Some 30 years after I left Nine Elms, one day in 1992 a call went out for drivers who had passed for steam driving and who were fit enough to do firing. By now there was a limit on how far a man would he allowed to fire for. They would be required to work steam hauled specials with preserved engines and to my delight I was one of the six Waterloo men picked. We were given a day's refresher course on the Watercress Line at Alton with driver Tom Coles and myself being booked a day in December. We went as passengers to Alton to find that John Bunch and his mate had ‘BR Standard 3’ 2-6-0 No. 76017, ready for us to work on all day, up and down the line, taking turns at driving and firing. It was magic! It was as if the last 30 years had never been and we had never been away from steam, so I had turned another complete circle, a truly first class day, thanks to all the staff at the Watercress Line.

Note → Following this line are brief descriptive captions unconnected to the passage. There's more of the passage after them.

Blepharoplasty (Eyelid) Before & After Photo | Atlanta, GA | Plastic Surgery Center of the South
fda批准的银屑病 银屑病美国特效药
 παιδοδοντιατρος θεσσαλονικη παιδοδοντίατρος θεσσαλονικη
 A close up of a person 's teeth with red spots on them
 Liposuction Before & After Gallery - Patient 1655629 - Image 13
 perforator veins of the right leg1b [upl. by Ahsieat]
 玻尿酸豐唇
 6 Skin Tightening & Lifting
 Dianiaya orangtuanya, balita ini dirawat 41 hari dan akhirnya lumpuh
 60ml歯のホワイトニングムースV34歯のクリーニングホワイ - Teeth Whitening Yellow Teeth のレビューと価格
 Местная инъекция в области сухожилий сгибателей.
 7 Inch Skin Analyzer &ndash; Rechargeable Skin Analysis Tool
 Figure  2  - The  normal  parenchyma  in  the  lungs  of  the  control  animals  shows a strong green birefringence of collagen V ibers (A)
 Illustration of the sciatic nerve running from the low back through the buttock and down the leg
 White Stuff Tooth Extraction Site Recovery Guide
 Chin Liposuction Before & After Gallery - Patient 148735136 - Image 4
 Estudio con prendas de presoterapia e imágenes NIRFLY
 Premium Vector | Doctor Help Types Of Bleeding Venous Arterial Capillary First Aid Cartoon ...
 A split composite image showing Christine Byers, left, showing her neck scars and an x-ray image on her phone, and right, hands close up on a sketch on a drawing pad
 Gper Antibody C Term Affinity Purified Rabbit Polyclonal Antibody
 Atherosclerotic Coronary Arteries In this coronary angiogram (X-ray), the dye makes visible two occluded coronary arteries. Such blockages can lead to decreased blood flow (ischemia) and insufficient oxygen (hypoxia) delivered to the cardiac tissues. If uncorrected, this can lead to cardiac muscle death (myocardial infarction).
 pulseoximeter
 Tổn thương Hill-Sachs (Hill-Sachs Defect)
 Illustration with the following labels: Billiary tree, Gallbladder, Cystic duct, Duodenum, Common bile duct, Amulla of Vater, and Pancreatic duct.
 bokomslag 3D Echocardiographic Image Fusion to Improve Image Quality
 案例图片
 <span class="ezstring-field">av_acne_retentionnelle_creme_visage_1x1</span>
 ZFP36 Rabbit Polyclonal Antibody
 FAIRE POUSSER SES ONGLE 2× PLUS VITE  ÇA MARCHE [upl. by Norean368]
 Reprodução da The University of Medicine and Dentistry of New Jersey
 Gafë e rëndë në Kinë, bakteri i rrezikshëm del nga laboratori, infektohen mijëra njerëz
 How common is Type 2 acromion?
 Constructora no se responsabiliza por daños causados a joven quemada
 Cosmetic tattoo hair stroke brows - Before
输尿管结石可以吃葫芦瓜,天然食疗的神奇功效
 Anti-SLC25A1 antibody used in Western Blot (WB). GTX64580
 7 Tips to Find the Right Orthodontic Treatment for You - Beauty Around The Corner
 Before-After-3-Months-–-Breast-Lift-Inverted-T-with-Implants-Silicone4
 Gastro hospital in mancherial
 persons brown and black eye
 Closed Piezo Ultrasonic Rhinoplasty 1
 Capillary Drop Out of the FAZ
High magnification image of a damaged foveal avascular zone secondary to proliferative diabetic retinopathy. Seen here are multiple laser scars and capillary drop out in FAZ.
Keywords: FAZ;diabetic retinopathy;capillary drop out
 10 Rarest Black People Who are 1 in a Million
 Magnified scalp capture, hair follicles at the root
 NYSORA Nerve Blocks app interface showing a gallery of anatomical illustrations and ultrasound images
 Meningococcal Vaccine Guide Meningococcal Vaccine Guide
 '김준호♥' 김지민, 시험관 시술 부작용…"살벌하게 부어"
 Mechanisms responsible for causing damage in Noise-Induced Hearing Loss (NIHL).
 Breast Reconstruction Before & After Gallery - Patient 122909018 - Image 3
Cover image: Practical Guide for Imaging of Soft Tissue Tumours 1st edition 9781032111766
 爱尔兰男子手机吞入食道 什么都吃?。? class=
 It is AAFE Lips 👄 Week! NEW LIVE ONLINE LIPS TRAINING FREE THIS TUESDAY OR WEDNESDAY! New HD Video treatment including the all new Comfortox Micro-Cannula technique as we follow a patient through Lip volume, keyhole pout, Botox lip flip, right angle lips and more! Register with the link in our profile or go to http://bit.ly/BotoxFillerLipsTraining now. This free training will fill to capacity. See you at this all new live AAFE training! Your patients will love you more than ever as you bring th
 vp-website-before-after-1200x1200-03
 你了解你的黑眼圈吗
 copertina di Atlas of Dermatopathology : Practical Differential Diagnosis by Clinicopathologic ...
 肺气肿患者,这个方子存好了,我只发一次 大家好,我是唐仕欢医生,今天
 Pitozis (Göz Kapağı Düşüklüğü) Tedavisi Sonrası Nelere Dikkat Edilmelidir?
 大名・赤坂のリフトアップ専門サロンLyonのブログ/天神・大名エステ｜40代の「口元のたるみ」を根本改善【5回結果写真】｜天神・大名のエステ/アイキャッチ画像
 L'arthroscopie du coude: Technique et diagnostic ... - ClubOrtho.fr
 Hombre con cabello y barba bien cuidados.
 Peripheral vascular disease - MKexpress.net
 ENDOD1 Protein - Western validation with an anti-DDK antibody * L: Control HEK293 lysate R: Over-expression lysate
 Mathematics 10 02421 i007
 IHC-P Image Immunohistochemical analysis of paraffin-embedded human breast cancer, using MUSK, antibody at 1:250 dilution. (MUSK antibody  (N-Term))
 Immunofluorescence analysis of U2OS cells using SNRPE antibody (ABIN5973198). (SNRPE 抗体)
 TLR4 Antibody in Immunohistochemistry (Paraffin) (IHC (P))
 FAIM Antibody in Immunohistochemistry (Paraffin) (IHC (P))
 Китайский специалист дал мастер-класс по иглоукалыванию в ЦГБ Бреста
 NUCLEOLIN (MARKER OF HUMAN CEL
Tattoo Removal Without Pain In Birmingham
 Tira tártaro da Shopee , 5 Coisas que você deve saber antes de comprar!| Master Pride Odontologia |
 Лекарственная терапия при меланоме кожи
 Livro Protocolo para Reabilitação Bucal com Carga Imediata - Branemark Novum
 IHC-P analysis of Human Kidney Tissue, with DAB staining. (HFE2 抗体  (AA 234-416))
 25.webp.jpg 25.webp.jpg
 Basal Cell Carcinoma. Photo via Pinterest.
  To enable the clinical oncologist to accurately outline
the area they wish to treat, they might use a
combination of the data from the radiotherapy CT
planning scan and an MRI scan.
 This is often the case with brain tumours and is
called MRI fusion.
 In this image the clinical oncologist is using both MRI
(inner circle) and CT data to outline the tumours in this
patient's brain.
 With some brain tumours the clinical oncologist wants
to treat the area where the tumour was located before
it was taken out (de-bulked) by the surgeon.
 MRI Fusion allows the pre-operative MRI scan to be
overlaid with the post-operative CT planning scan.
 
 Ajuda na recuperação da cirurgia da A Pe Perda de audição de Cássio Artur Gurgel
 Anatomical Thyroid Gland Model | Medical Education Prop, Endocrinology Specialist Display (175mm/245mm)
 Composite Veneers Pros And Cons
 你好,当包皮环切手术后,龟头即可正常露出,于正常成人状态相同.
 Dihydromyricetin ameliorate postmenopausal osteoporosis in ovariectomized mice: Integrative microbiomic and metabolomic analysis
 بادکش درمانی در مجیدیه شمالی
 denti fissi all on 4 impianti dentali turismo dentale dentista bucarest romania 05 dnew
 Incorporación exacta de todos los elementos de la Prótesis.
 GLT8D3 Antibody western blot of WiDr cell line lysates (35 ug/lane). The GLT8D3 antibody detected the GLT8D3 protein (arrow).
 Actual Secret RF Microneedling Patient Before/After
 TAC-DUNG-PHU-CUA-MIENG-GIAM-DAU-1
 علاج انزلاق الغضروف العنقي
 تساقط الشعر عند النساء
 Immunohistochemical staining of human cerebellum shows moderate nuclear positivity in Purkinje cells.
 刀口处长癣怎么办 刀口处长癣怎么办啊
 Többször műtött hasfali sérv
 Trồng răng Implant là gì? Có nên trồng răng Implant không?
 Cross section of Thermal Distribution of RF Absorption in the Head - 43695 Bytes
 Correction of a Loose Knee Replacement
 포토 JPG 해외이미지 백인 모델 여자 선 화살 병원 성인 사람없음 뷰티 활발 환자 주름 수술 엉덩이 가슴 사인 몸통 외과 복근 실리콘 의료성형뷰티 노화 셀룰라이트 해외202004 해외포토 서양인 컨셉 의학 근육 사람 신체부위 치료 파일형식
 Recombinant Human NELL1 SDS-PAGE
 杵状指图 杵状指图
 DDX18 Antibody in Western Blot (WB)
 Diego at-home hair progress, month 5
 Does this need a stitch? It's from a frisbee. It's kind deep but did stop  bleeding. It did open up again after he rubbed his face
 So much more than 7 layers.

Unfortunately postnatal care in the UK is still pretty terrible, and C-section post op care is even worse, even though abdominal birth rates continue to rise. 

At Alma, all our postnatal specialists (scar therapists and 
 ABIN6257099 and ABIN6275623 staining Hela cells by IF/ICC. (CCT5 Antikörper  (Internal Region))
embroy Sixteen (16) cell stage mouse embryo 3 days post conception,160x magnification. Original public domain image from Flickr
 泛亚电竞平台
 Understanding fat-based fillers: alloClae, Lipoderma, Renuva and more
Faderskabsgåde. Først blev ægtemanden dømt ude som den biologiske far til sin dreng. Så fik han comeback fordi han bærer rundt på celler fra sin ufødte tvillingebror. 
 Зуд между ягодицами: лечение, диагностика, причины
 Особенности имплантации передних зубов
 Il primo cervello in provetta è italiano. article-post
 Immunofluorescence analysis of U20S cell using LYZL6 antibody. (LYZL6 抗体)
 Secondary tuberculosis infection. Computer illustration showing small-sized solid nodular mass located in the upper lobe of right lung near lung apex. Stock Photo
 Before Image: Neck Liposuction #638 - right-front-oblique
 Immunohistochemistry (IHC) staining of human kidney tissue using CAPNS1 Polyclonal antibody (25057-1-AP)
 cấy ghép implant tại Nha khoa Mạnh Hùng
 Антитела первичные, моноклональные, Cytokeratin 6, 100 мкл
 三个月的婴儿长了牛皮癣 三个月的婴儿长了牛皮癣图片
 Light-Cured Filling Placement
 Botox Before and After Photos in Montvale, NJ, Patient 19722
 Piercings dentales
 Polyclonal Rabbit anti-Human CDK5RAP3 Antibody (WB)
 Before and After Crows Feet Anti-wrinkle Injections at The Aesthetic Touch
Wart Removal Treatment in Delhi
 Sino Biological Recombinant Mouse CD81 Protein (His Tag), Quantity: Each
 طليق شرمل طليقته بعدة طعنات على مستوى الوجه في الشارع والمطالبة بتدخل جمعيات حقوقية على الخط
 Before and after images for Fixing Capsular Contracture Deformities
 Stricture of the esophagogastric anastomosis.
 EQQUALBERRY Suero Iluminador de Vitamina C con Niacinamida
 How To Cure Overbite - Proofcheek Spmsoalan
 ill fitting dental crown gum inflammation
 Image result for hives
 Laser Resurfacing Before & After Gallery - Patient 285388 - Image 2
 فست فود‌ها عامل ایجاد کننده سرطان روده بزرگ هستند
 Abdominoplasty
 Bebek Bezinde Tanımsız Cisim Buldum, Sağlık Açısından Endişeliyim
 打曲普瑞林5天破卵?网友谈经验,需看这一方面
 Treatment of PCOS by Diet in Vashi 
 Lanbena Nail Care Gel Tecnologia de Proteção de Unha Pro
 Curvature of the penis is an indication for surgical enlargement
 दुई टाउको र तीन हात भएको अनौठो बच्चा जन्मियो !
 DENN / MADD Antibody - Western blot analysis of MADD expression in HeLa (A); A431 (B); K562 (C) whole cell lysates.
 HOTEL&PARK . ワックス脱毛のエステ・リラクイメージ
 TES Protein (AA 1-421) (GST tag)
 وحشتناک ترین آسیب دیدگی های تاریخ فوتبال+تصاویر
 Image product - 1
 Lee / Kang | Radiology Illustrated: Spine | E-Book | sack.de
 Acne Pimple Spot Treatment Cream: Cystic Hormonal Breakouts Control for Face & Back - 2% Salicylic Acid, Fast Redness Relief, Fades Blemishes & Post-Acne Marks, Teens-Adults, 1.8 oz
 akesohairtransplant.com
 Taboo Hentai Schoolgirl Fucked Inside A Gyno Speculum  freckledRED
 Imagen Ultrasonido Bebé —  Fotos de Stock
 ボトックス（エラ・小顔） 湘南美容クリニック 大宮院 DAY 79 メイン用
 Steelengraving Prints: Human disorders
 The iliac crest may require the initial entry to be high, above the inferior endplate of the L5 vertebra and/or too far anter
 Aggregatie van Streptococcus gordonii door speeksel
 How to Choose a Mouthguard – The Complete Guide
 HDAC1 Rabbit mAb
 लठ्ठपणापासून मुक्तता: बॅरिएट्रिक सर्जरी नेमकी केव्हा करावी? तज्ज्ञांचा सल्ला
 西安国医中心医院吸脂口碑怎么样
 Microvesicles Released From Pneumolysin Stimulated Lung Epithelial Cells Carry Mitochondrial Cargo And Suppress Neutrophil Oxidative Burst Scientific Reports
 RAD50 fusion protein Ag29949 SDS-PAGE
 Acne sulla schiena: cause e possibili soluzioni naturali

On March 20 1993 driver Dave King and I went as passengers to Salisbury work the last leg of a steam special from Salisbury to Clapham Junction with ‘BR Standard Class 7’ 4-6-2 No. 70000 ‘Britannia’. On the 5 September 1993 I worked the last leg of the 'Rougemont Ltd’ with ‘West Country’ No. 34027 ‘Taw Valley’ from Salisbury to Waterloo. I took No. 71000 ‘Duke of Gloucester’ from Acton to Wolverhampton and on Saturday 1 April 1995 I worked my last steam trip, from Waterloo to Basingstoke with ‘N15’ (King Arthur) No. 30777 ‘Sir Lamiel’ with fireman Ian Turner. What a first class job preservation societies do in restoring these locomotives to their former glory, they could not have been in better condition. Soon afterwards I retired, after 47 wonderful years on the railway.